Judging by November’s main developments, the parliamentary elections set to take place on February 24, 2019 in the Republic of Moldova represent a true Rubicon both to local authorities and European partners. This is not so much about who is going to win the elections, but rather how exactly this is going to happen. The outcome is what both the country’s image in the EU and its status within the context of European dialogue depend on.
When there is a will, there is a way
The government of the Republic of Moldova passed the law on a single wage system in the budget sector on November 8. The authorities assure that this development will lead to higher salaries for people working in education, healthcare and social security. The government has also approved Moldova 2030 National Development Strategy with 10 goals for the country’s sustainable development, including education quality, efficient governance, enhancing people’s access to infrastructure,improving labor conditions etc.
On November 20 at the sixth Annual Moldovan European Integration Debate Forum the Head of the European Union Delegation to Moldova Peter Michalko voiced the concerns of European partners regarding the upcoming elections in February 2019. Michalko stated that “it is not our wish to push Moldova closer to the EU. When there is a will, there is a way. Without will we cannot make Moldova closer to the EU. We want these elections and any other elections to be free and fair, and the will of people to be respected regardless of their choice”.
In the course of talks on the Transnistrian issue Claus Neukirch, the head of the OSCE mission to Moldova, stated that “this year, by making small steps, we have secured progress” in finding a solution to this problem. Neukirch reminded that six agreements were signed, and five of them had already been implemented meaning the opening of the Gura Bacului bridge, the mechanism allowing both students and teachers to cross border points on the Dniester more easily and also apostille for diplomas of students coming from the left bank of the Dniester River that lets them continue their studies both in the Russian Federation and in the EU countries.

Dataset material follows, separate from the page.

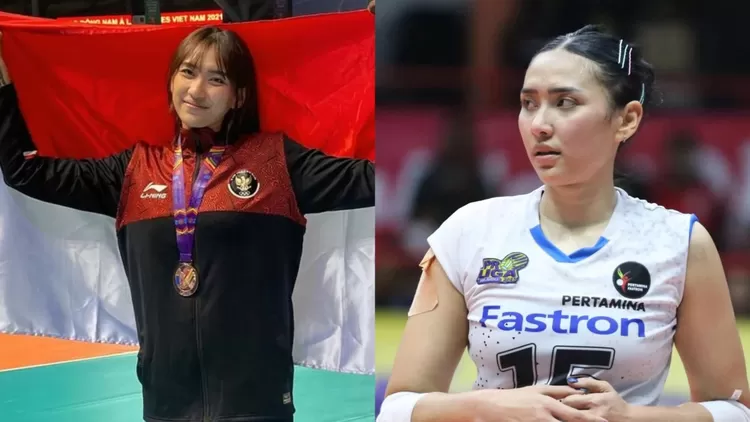 Atlet voli putri Indonesia Yolla Yuliana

Punishment for bad behavior
On November 14, the European Parliament adopted a new resolution on financial support for the Republic of Moldova with a special emphasis made on the upcoming elections in the Republic of Moldova. The European Parliament members decided to freeze the macro-financial aid to Chisinau authorities until “the progress in democratic standards is seen”.
The MEPs stated that financial assistance will only be provided after the parliamentary elections on condition that they are transparent and take place according to the principles of democracy.

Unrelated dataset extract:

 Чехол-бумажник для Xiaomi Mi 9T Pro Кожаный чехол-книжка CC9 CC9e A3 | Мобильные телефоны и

Whether this is a coincidence or not, after EU criticism, on November 20, Sergiu Cioclea, the Head of the National Bank of Moldova, announced his resignation. It is alleged that his resignation has to do with adopting a controversial Capital Amnesty Law. On this account a member of the European Parliament Siegfried Muresan stated that “Sergiu Cioclea’s resignation from the post of the NBM head is a proof of Chisinau authorities’ failure to return the stolen billion and punish the guilty”.
No sooner said than done
The fourth joint meeting of Romanian and Moldovan governments took place on November 22. The Prime Minister of Romania Viorica Dancila underlined Romania’s role in paving the European way for the Republic of Moldova and highlighted the importance of more active relations between the two states as well as the support offered in order to implement European reforms in Moldova.
In his turn, the Prime Minister of Moldova Pavel Filip emphasized the special nature of relations between Moldova and Romania, with Romania being “a true friend in need”. He added “true unification requires a pragmatic approach that will include the interconnection of energy, education and infrastructure sectors in order to create a single space where people will not feel that they are crossing borders“.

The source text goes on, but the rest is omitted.